空港で買った「タイ」についてのガイドブックは、読まないうちに「バンコク」に着いてしまった。予備知識はゼロのまま。
タイ空港で、迎えてくれるはずの会ったことはないけれど会うべき人は、雑踏の中から私を玉由と間違えて探しだした。そんなこともあるのだから、まず役にたてた。
でも、迎えてくれた人がとても良い印象の人だったから、ちょっと拍子抜け。ここまでで、私のでる幕は無くなってしまい、宿った高層ホテルのバスにお湯をいっぱいため、プカプカ浮いていたらタイでの一夜目は終ってしまった。

次の日、せっかくのタイを観ようと試みる。
飛行機の窓からも、高層のホテルの窓からも、蛇行している様子に親しんでいた、茶色のチャオプラヤー川の乗合船で、まずは王様にご挨拶を、王宮へ行く。
暑くて、こんなに暑いのに、世界中からの観光客がいっぱい。
林立し、天を指す宝の塔をクラクラしながら見上げる。王様は凄い存在なのだ。

リヤカーみたいな車に乗って、寝仏の釈迦仏に会いにゆく。凄い勢いで走る車から吹き飛ばされないように、怖い思いをして着いたワット・ポー。
悟りを開かれ、涅槃に達せられた金の仏様のリラックス寝姿。
四十六メートルの寝姿に添い歩き、螺鈿細工の指紋、御足にあう。去りがたい。何と素敵な、心にふれる仏様。

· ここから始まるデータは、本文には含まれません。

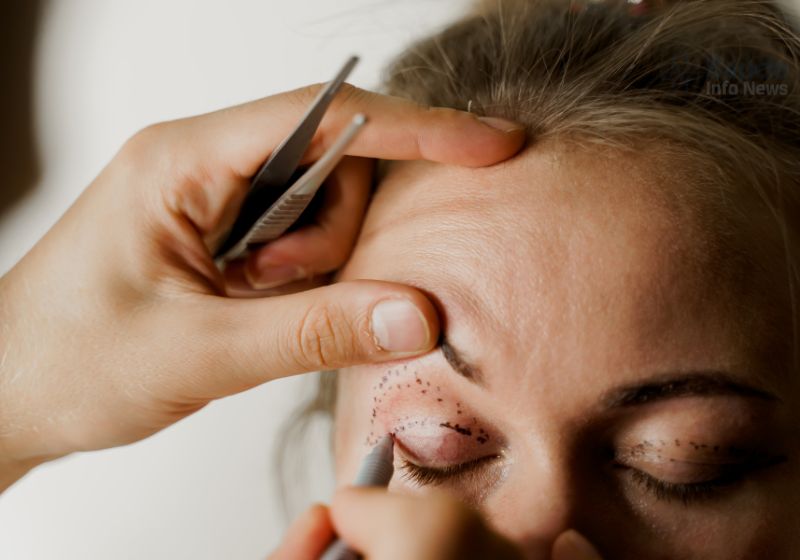 Preço Da Blefaroplastia (2)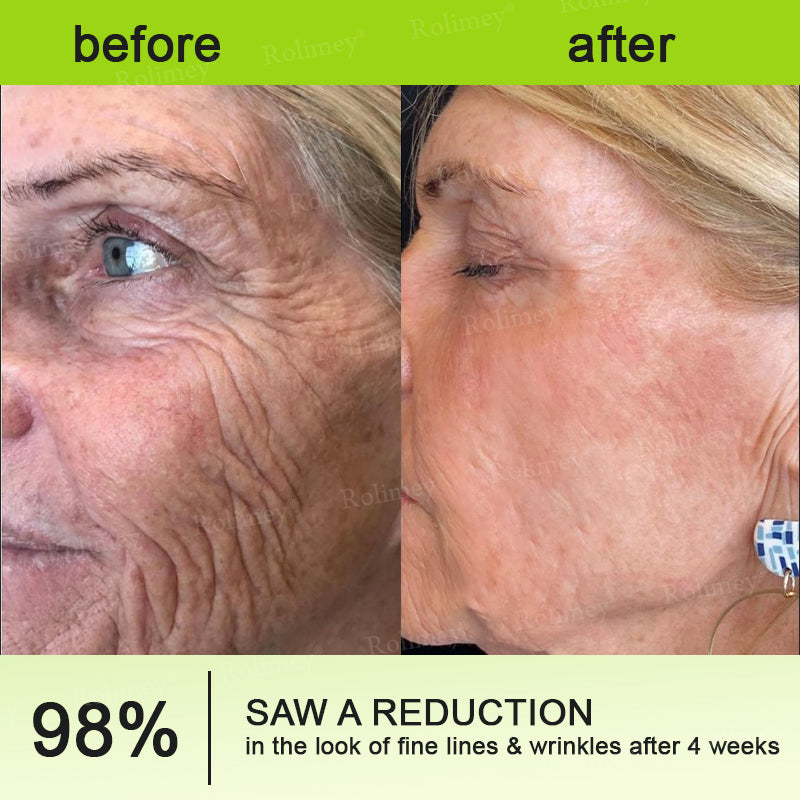 👨‍⚕️Clinically tested collagen repair system 🎁Botox & Vita-A Retinol Shot Wrinkle-Lift Tightening cream - Last Day Promotion 70% OFF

また乗り合い船に乗る、すぐ、一つ目の停留所で下りる。花市場へゆく。
今度は、周りに人が居なくて、心細くなってしまう。
花がいっぱい、花花花・花を紐に通し、仏様への供華を造っている人達だけ。全ての花は、全ての仏様へ・・・。供華を造る人達が、いま、お目にかかってきた仏様の面長のお顔によく似ていて、こんな大発見もしたり、同じ仏教でも日本とおおきく異なることが興味深い。
あまりの暑さ、一日の半分くらいで疲れ果てた。
「また来たい」と思うのが精いっぱい。

次の朝、七時半の飛行機に乗るために四時に起きた。そして「タイ」見聞はおしまい。